Web Loader

Loaders

class webloader.loader.Loader(outdir='.', num_trials=1, http2=False, timeout=30, disable_local_cache=True, disable_network_cache=False, full_page=True, user_agent=None, headless=True, restart_on_fail=False, restart_each_time=False, proxy=None, save_har=False, save_screenshot=False, save_content='never', retries_per_trial=0, stdout_filename=None, check_protocol_availability=True, save_packet_capture=False, disable_quic=False, disable_spdy=False, log_ssl_keys=False, ignore_certificate_errors=False, delay_after_onload=0, delay_first_trial_only=False, primer_load_first=False, configs=[{'tag': 'default', 'settings': {}}])

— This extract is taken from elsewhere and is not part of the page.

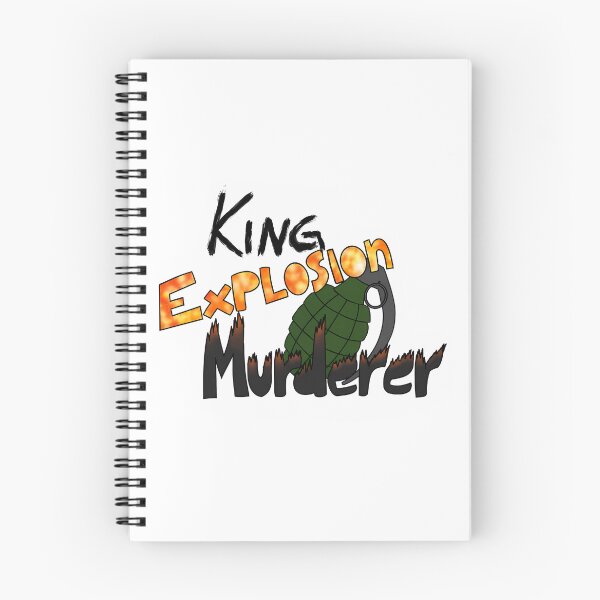 Item preview, King Explosion Murderererer designed and sold by heath-mueller.
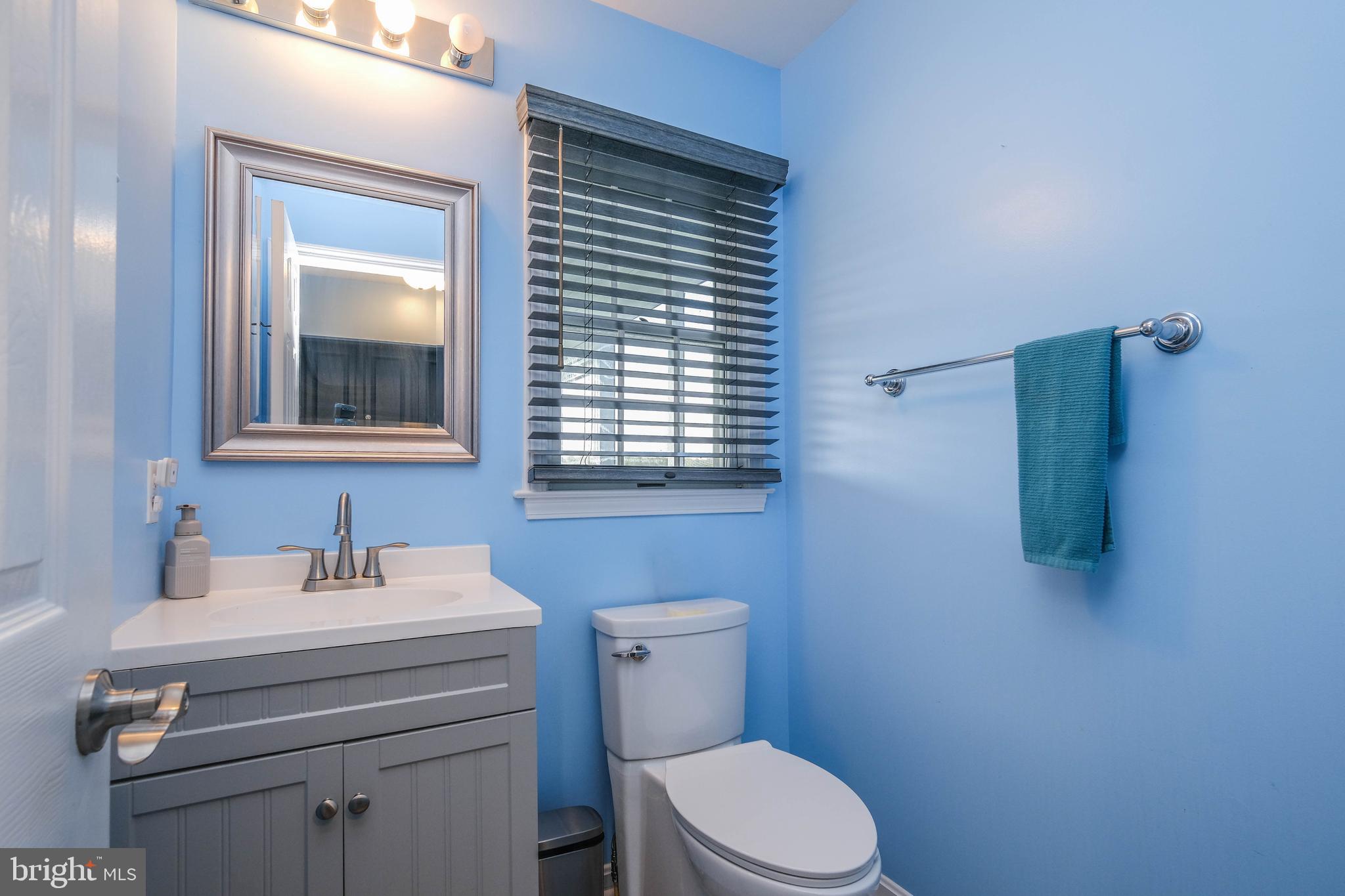 217 Silver Bell Lane Luray, VA 22835 - Photo 61 of 103 Half bath attached to bedroom 6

Superclass for URL loader. Subclasses implement actual page load functionality (e.g., using Chrome, PhantomJS, etc.).

Parameters:
  • outdir – directory for HAR files, screenshots, etc.
  • num_trials – number of times to load each URL
  • http2 – use HTTP 2 (not all subclasses support this)
  • timeout – timeout in seconds
  • disable_local_cache – disable the local browser cache (RAM and disk)
  • disable_network_cache – send “Cache-Control: max-age=0” header
  • full_page – load page’s subresources and render; if False, only the object is fetched
  • user_agent – use custom user agent; if None, use browser’s default
  • headless – don’t use GUI (if there normally is one – e.g., browsers)
  • restart_on_fail – if a load fails, set up the loader again (e.g., reboot chrome)
  • restart_each_time – tear down and set up the loader before each page load (e.g., reboot chrome to close open connections)
  • save_har – save a HAR file to the output directory
  • save_screenshot – save a screenshot to the output directory
  • save_content – save HTTP message bodies (options: ‘always’, ‘first’, ‘never’)
  • retries_per_trial – if a trial fails, retry this many times (beyond first)
  • stdout_filename – if the loader launches other procs (e.g., browser), send their stdout and stderr to this file. If None, use parent proc’s stdout and stderr.
  • check_protocol_availability – before loading the page, check to see if the specified protocol (HTTP or HTTPS) is supported. (otherwise, the loader might silently fall back to a different protocol.)
  • save_packet_capture – save a pcap trace for each load (separate files)
  • disable_quic – disable use of the QUIC transport protocol
  • disable_spdy – disable use of SPDY/HTTP2
  • log_ssl_keys – instruct browser to save SSL session keys (by setting SSLKEYLOGFILE environment variable)
  • ignore_certificate_errors – continue loading page even if certificate check fails
  • delay_after_onload – continue recording objects after onLoad fires (ms)
  • delay_first_trial_only – if fetching a URL multiple times, only delay after onLoad on the first trial. (The delay is useful to count how many objects are loaded after onLoad, and this is less likely to change from trial to trial than load time.)
  • primer_load_first – load the page once before beginning normal trials (e.g., to prime DNS caches)
  • configs – TODO: document
load_pages(urls)

Load each URL in urls num_trials times and collect stats.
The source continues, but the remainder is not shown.